Task brief: Your answer should be the full data, transcribed exactly, with no pictures in it.
(Data segment Opens)
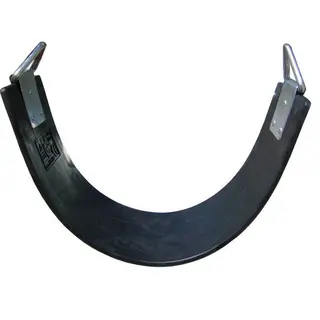 Huskesete | Huskebånd inkl. plastbelagt kjetting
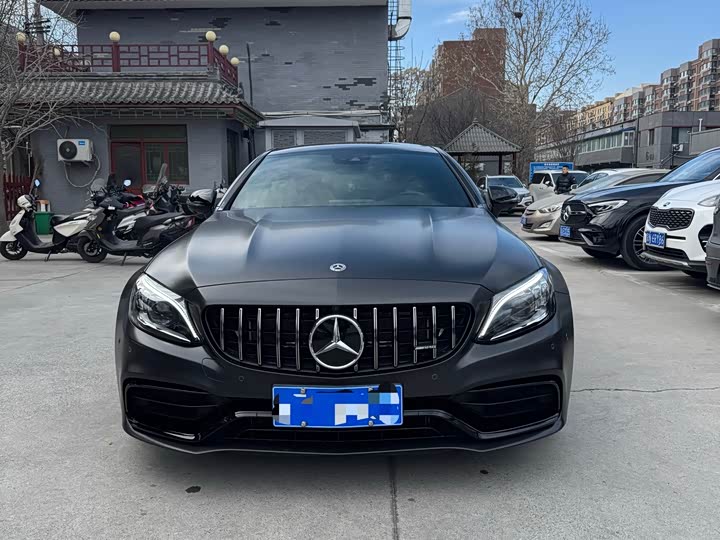 Фото 2 - Mercedes-Benz C-Class AMG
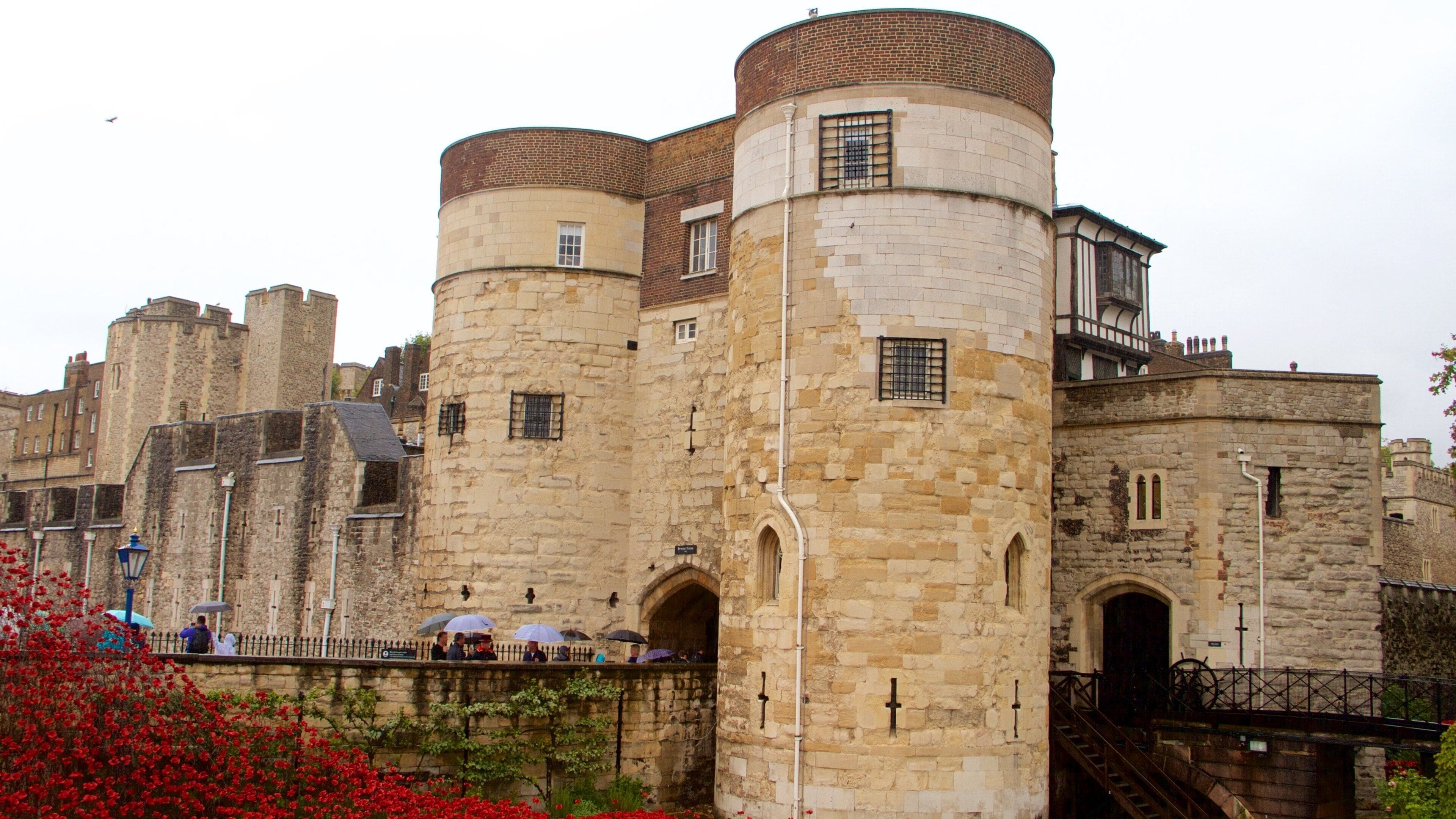 Tower of Londen toont historisch erfgoed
(Data segment Closes)
Result for this task:
 Huskesete | Huskebånd inkl. plastbelagt kjetting
 Фото 2 - Mercedes-Benz C-Class AMG
 Tower of Londen toont historisch erfgoed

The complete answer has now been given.